Events at COP26 in Glasgow made it difficult to ignore the failure to achieve the goal of “uniting the world”. What COP26 and many other international climate negotiation forums lacked was a model of cooperation that simultaneously unites the world around human and planetary justice. The kind of justice that considers the diversity and the magnitude of past, current, and future happenings in the complex and interconnected socio-cultural, economic, political, or ecological spheres, a justice that parallels the interest of achieving the Paris Agreement and the sustainable Development Goals, without leaving anyone behind. While a final agreement, the Glasgow Climate Pact, was reached with unanimous support, efforts to build consensus around the urgency posed by climate change were set back by growing injustices and inequalities around the world. COP26 took place against the backdrop of the pandemic, which limited the participation of civil society organizations (CSO), and key negotiators from the Global South even more due to health restrictions and vaccine inequalities. Such exclusion and power imbalances among nations and actors limits opportunities to build the trust needed for meaningful collaborations and partnerships towards climate action. This kind of exclusion also creates conditions where climate narratives and actions miss the relevance of lived experiences, struggles, and opportunities for the excluded communities. The result is a so-called global agenda that often does not represent or align with the needs, realities, values, and aspirations of those excluded. To support and ensure a productive COP27, inclusive and trust-based engagements and collaborations at bilateral, regional, continental, and global levels must be prioritized. COP27 provides yet another opportunity to improve relations between nations and to re-establish ambition, confidence, and trust to solve the pressing and urgent global challenge of sustainable development and climate protection.

Outlook

The road to climate action and just societies is not an easy one because it begins at different locations for diverse actors. Faced with the fragile recovery from the ongoing Covid-19 pandemic, as well as the social and economic ramifications of the war in Ukraine, such as increased food and fuel prices, countries, especially developing and emerging countries, have limited policy space to respond to the climate crisis. However, while climate change can feel distant in the face of immediate and often complex social and economic challenges, actions on the climate crisis can also serve as an opportunity to address social and economic inequalities and injustices as well as support access to basic and immediate needs on a long-term basis. As the analysis above demonstrates, climate inaction and increasing social and economic inequalities and injustices have their roots in the historical imbalance of power and the unequal distribution of resources and opportunities.

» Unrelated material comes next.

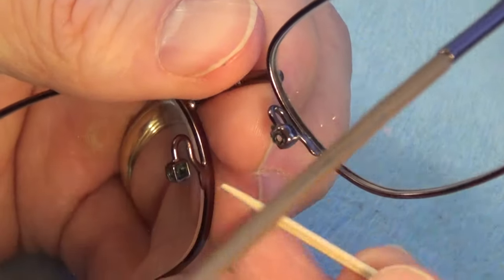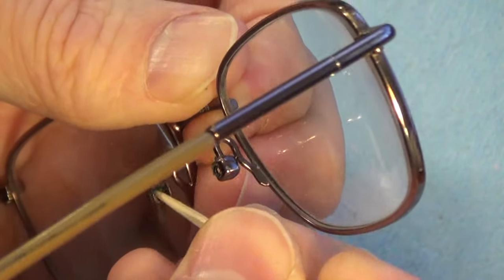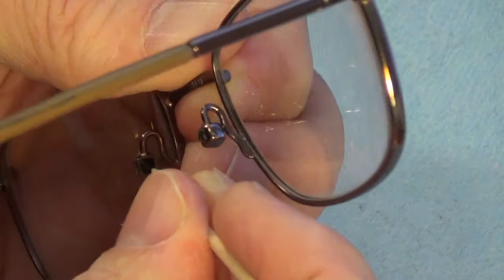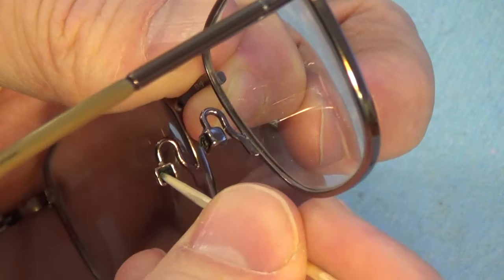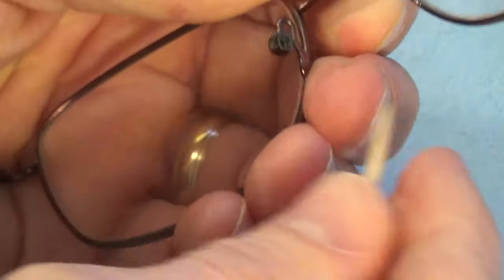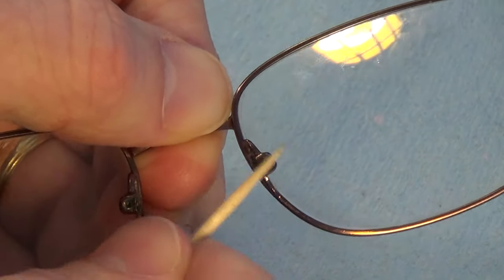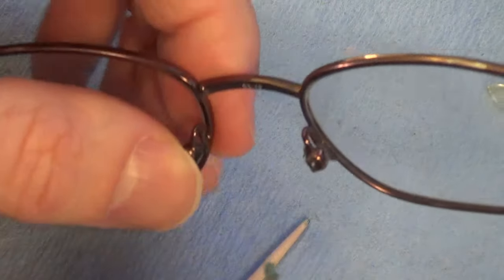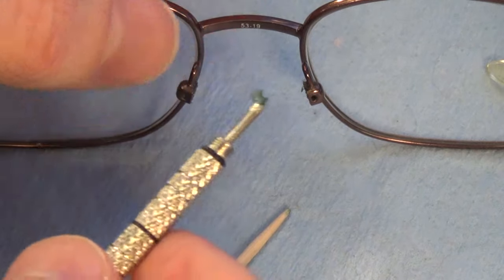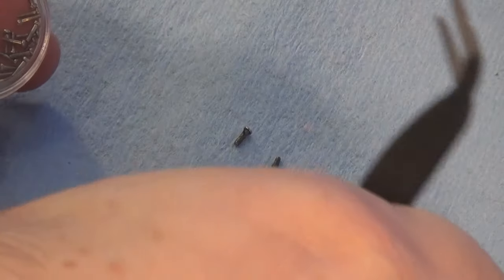On the side where the pad broke off, there may be a little piece still lodged in the hole. I'm using a toothpick to probe and clean it out. I didn't feel anything at first, but when I cleaned the holes with a little isopropyl alcohol, I actually did find a small broken piece stuck inside. You can see the tip of it — I had to dig it out. It's worth cleaning these holes since oils and debris can accumulate.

Many actors with valuable ideas and aspirations are excluded from meaningful collaboration at the COP; mitigation measures are difficult to implement because resources are lacking; opportunities to effectively adapt to climate change are lost; and climate politics, including loss and damage, are not solidly and fairly financed. These are consequences of a world of ‘haves and have-nots’, the included and the excluded, the agenda setters and the followers. To achieve effective and sustainable progress, actors must not only commit to talk to each other in boardrooms or at negotiations, such as the COPs. Efforts need to be put in place to prepare for platforms and conditions where such talks and negotiations have a chance to generate multiple futures rooted in a common vision but informed by the realities of each actor. The climate crisis reminds us of how deeply intertwined planetary and human justice are – one cannot be addressed without the other. Taken together, such actions and outcomes could become mutually reinforcing.